And I wondered if you could just briefly take us through when I add 36 stages and remain at seven rigs what is the increment? Then obviously I’m increasing the number of rigs I think to nine, and 36, sort of what is the increment and then finally, where is inflation coming to play?
Because the well cost for being something like maybe high 7 million, went to about 8.3, thereabouts, in the call for Q4 and then now it’s closer to nine. And it’s just not clear to me how much of that is reflecting from the stage differential and how much is just inflation coming to play?
Michael Lou
So couple of things. One, our current budget is 490 million, as a starting point, and I think what we were talking about before is that with the seven rig program and two frac crews and the cost inflation and moving to 36 stages, essentially our capital will stay flat for the year but obviously we’ll have completed less wells in that type of situation.
Now, 7.5 million is what we’re saying on the 28 stage frac. Now you’re moving – if you go to the middle of the 8.5 to 9 range, 8.75 for a 36 stage frac.
Previously we were saying in that 8.3 range, so there’s your inflation on those wells. But you can go anywhere in that range of 8.5 to 9 for that.

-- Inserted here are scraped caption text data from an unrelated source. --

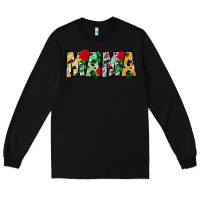 Black floral animal print mama Long Sleeve Tee - CowhideDigitalArt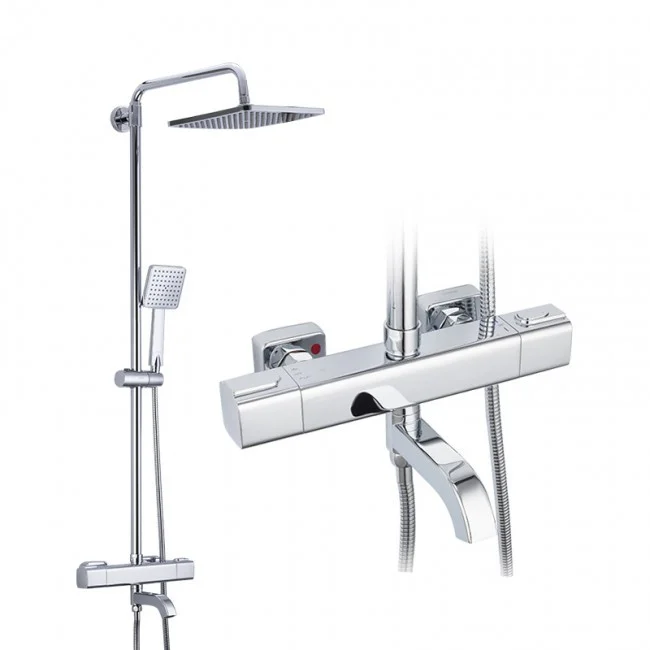 Приобрести gappo душевая система g2491 с термостатом, хром 16228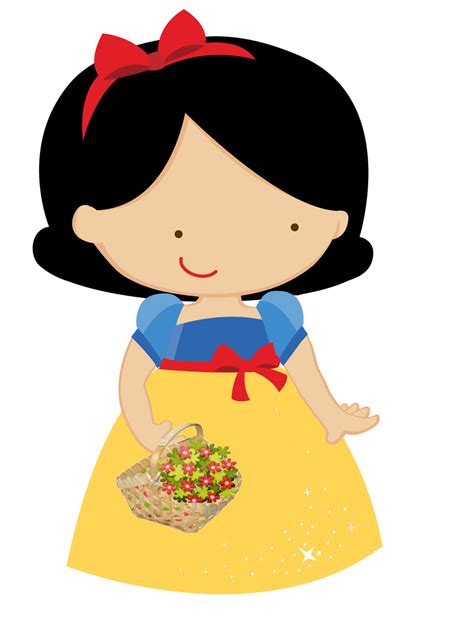 Llorando y andando pasó la noche, hasta que, al amanecer llegó a un claro en el bosque y descubrió allí una preciosa casita. Branca de Neve - Minus | Branca de neve, Convite branca de ...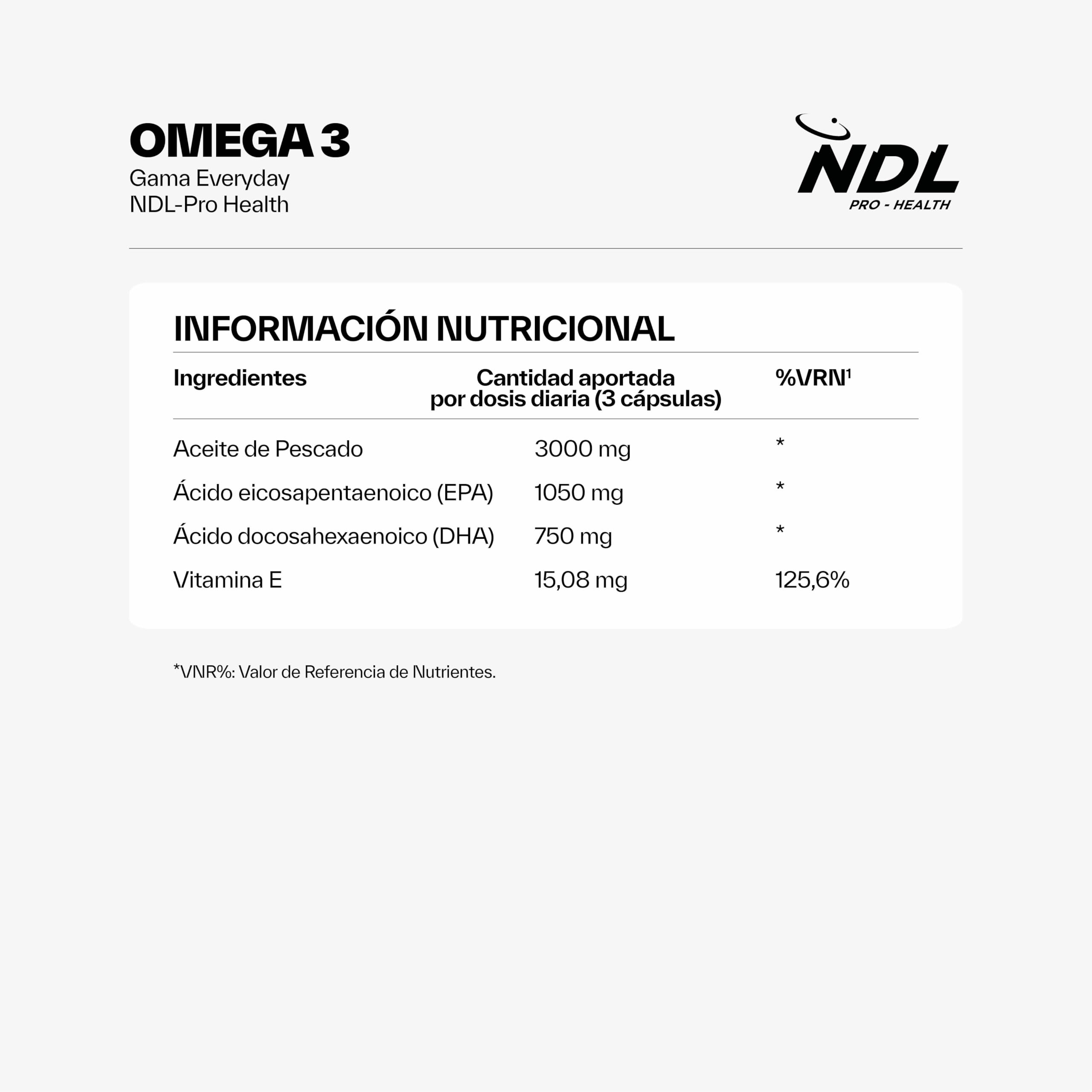 NDL Pro-Health Magnesium Complex con Vitamina B6 y D + Omega 3 | Aceite de Pescado con Alta Concentración de EPA y DHA | Una marca de Rafa Nadal & Cantabria Labs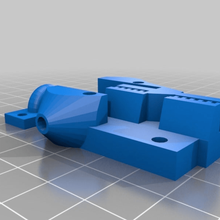 kossel mini carriage quick belt clips optional flying extruder loop 3d_printer_parts 3d print model - Mito3D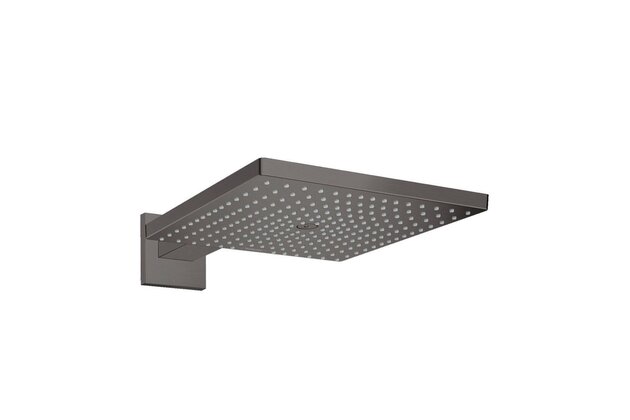 Sprcha hlavová Hansgrohe Raindance E, 1jet, s ramenem, černý chrom kartáčovaný, 26238340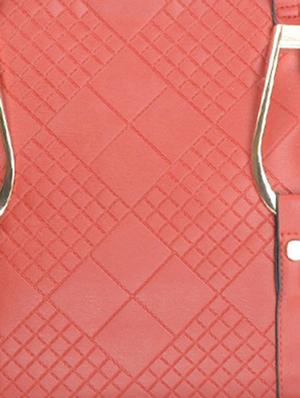 red leatherette handbag - 9634138 - Standard Image - 4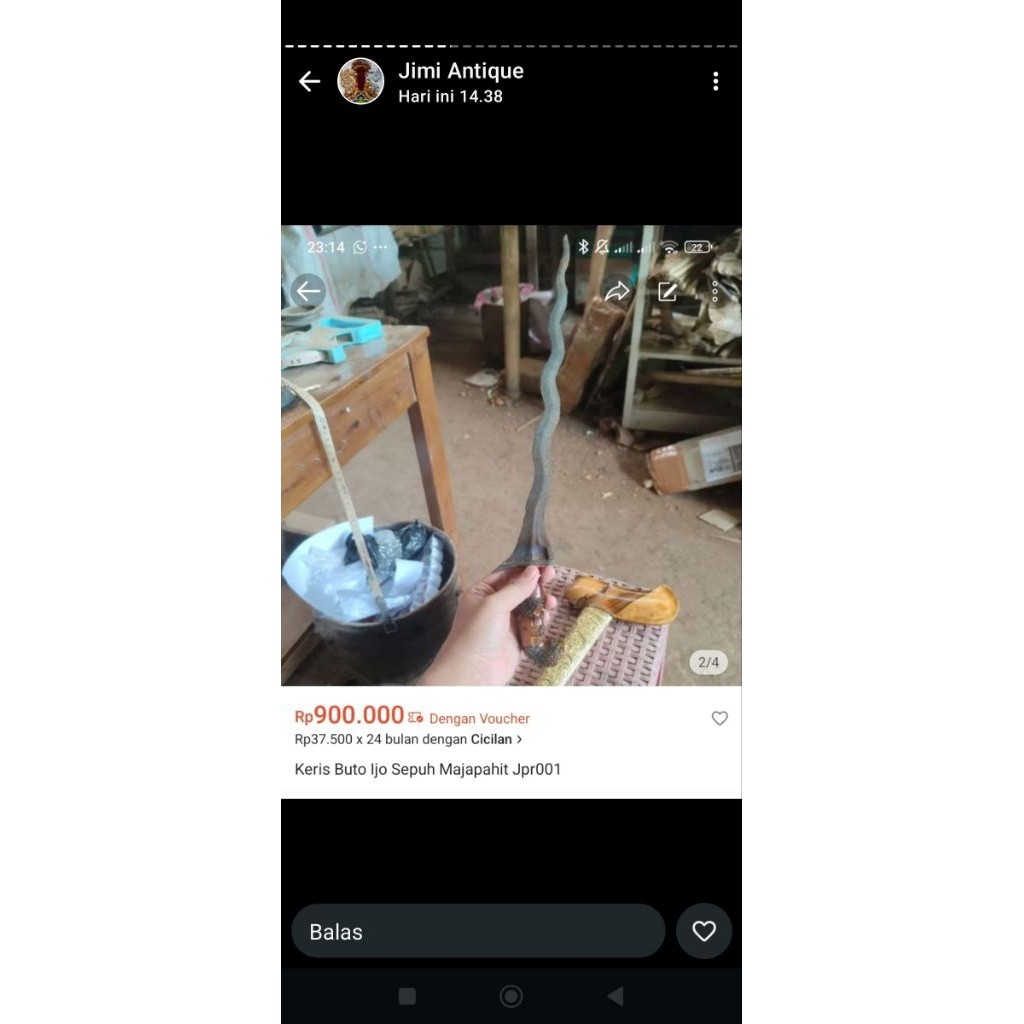 keris Buto ijo termurah dari Wesi aji Luk 11 sepuh Majapahit ori sepuh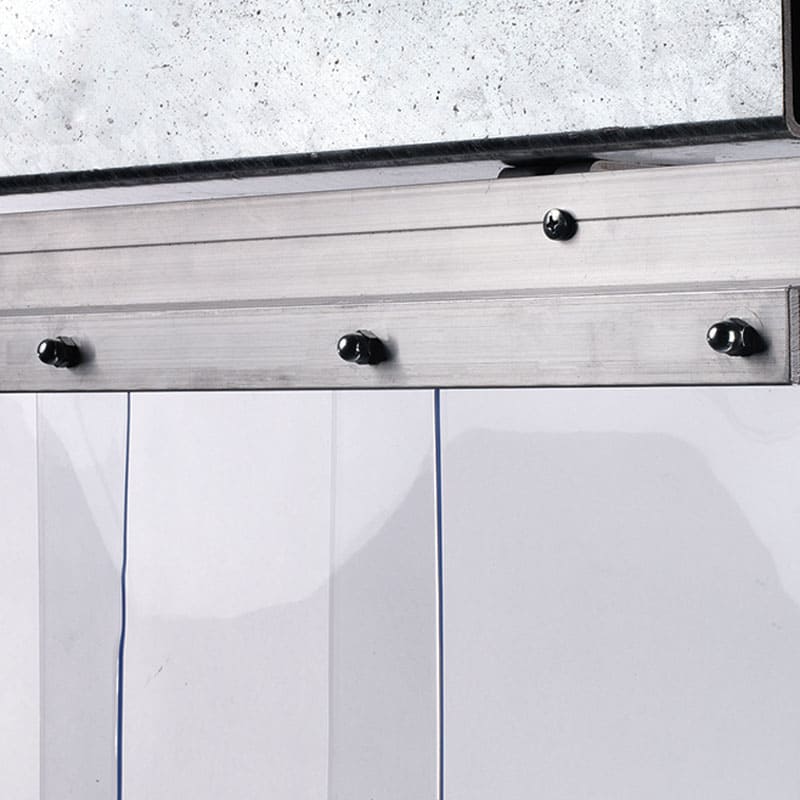 PVC-Streifenvorhang Klemmsystem EASY-HANG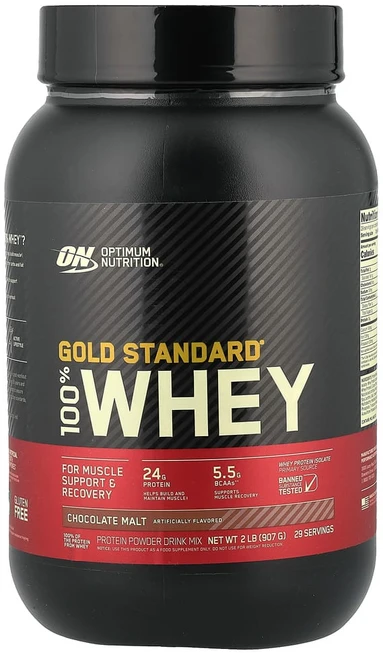 옵티멈뉴트리션 Gold Standard 100% 유청 초콜릿 몰트 907g, 1개 - 쿠팡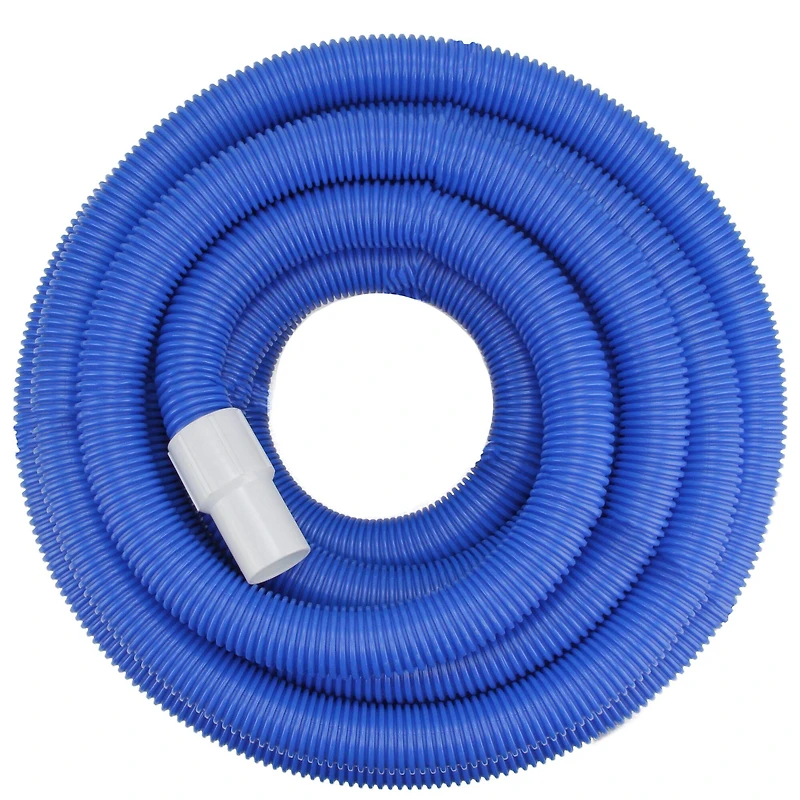 Pool Central 1.5" x 25ft. Blue Blow-Molded PE In-Ground Swimming Pool Vacuum Hose with Swivel Cuff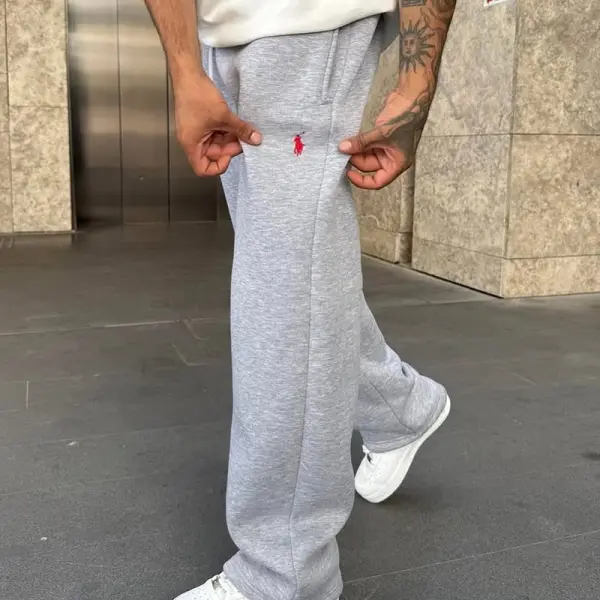 2 Sweatpants RALPH LAUREN Chauds & Doux  ( Gris + Noir ) Ref-RF7BBG77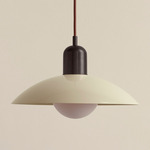 Arundel Orb Pendant - Blackened Brass / Bone Shade
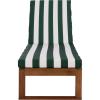 SAFAVIEH Outdoor Patio Furniture Collection – Sophie Natural Brown Solid Wood Chaise Lounge Chair, Adjustable Reclining, Hunter Green Stripe Cushion (PAT7101H)(Natural/Hunter Green Stripe)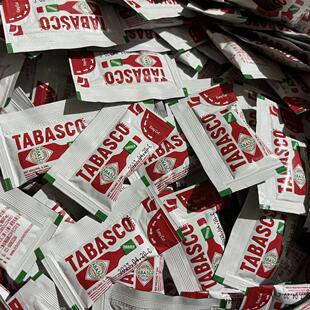 低卡 辣汁生耗刺鲜椒酱正品 TABASCO辣椒仔3.3ml外卖装 原味低脂日式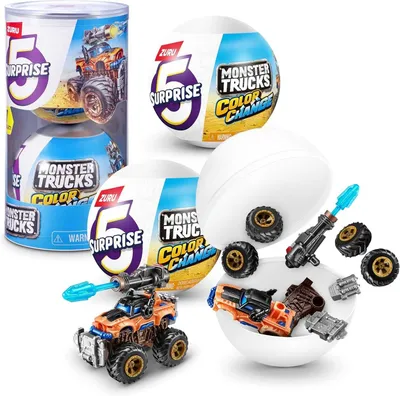 5 Surprise Monster Trucks, ZURU, машинки 1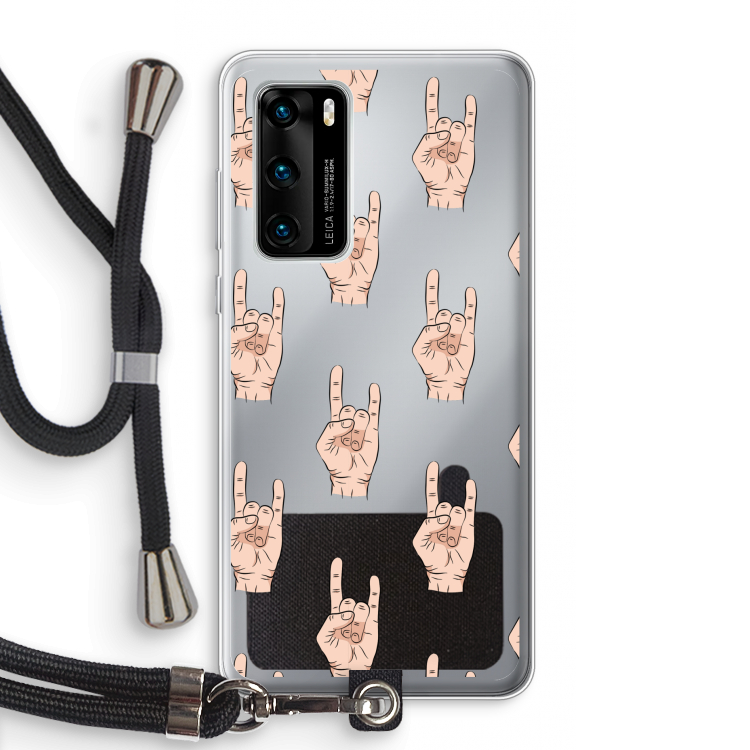 Rock: Huawei P40 Transparant Hoesje met koord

If you use that kind of midpoint and with a third frac crew, you’ll get back to the 47 net operated wells being completed for the year. And that will kind of get you back to that $525 million with the additional wells that are going to 36 stages at that kind of midpoint level will get you to that $525 million number.
And then, as you get the 550, the reason for that is if you add a couple of rigs, call it rigs eight and nine, depending on when you might add them, that could bring you up to the 550. Now, you’re not going to get much benefit on a production basis from that, because they’ll be added later in the year.
Chitra Sundaram
Yeah, yeah, yeah. The 490 includes a bunch of infrastructure spend.
When you think about just drilling wells, it’s sort of closer to 450, it’s operated and non-operated.
Michael Lou
Sure. So the 441 was our drilling budget, drilling completion budget.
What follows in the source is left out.